One RADaR feature was built to solve that problem: the dashboard. Each client’s dashboard will be personalized to show the data that they care most about and that can impact their business.
“Whether it’s marketing data or business data or any form of information, if it comes from multiple sources, we’ve figured out a way to aggregate that data electronically to pull it into a central hub and then to help businesses tell a story with their data,” says Miller.
WHAT’S YOUR DATA STORY?
Telling a story with the data, or visualizing it, is the second part of what RADaR does for clients.
Rotter explains that True Media originally saw the need for a company like RADaR when they noticed their clients struggling to understand the data they had access to and how to gather it and learn anything from it. The lack of understanding led to inaction and poor decisions.
“Over time, we’ve noticed just how important data is in general and just the pure amount of data that everyone has, whether that be internal or external, but it’s really hard to know what to do with it,” she says.
RADaR “is a way for us to specialize in [data] and help people aggregate it all from all these different sources and different outlets, put it together, and then show [our clients], ‘Here is what you can take from this information, and this is how you can move your business to the next level,’” she says.
Rotter emphasizes that RADaR isn’t just providing data to a client; they’re helping the client understand what the data is saying so that they can make smarter, better, more educated decisions for their company. And that starts with asking their clients a series of questions: What keeps you up at night? What are you looking for from the data? What do you want to learn? What are the next steps for you and how can we help?

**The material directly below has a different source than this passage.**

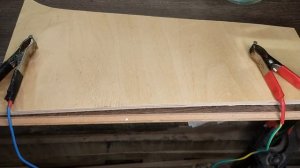 Аппарат для выжигания молний на дереве. Фигуры Лихтенберга.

“We’ve learned a lot since we’ve started doing this,” says Rotter. “For the past year and a half or so, we’ve been doing this internally and externally for the clients we have, but one of the main things that we’ve learned over time is that if you don’t ask that ‘why’ at the beginning, then you just have a bunch of data, a bunch of graphs, and there’s still nothing you can do with it. What we really want to concentrate on as data scientists is to sit down and really figure out what is that ‘why’ and how can we help them answer those questions?”

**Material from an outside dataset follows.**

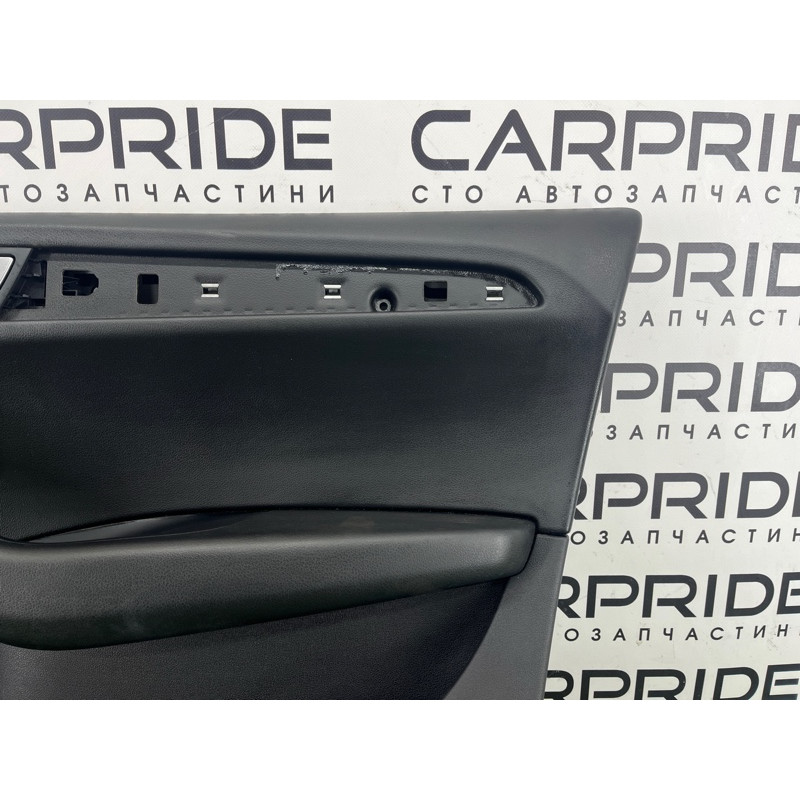 Дверная карта (салон) AUDI Q5 8R 2012 3.2 CALB 8R186710424A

Once the data scientists and analysts know what the client is looking for, they can tailor the data story to meet that request. They can also help educate the client on how to understand the data, making RADaR a partner, not just another service provider.
“We want to make data digestible. We want to make it relatable. We want people to not feel overwhelmed by it,” says Rotter.
AHEAD OF THE CURVE
It’s simple. RADaR seeks to help companies understand the mountain of data they have access to from all their internal and external sources by aggregating the information into a personalized dashboard for each client.

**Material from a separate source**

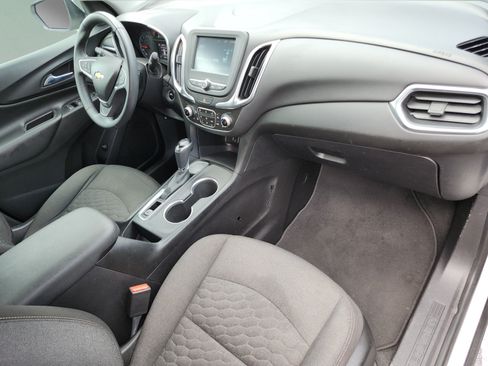 Used 2018 Chevrolet Equinox LT FWD image 20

“It’s all about taking client’s research and their data and their analytics and then giving them a tool that helps them produce results that allow their company to operate more efficiently,” says Miller.
And while RADaR may not be the only analytics company out there, Miller is quick to point out that RADaR isn’t a brand new company. They’ve been able to test their tools and methods over the past two years under the umbrella of True Media.
“I think we’re very far ahead of the curve in terms of people and companies who are trying to do this type of data and analytical work,” Miller says. “We’ve already been doing it for a couple of years. We have great case studies. We know how to start. We have data scientists on board. We know how to interpret data. We know how to coach customers. We’re just much farther down that road in helping companies figure this out then if we were starting today from scratch.”
Rotter adds, “We have an incredible team of data scientists and analysts — very smart people — to start this, and we’re looking forward to the chance to dig in.”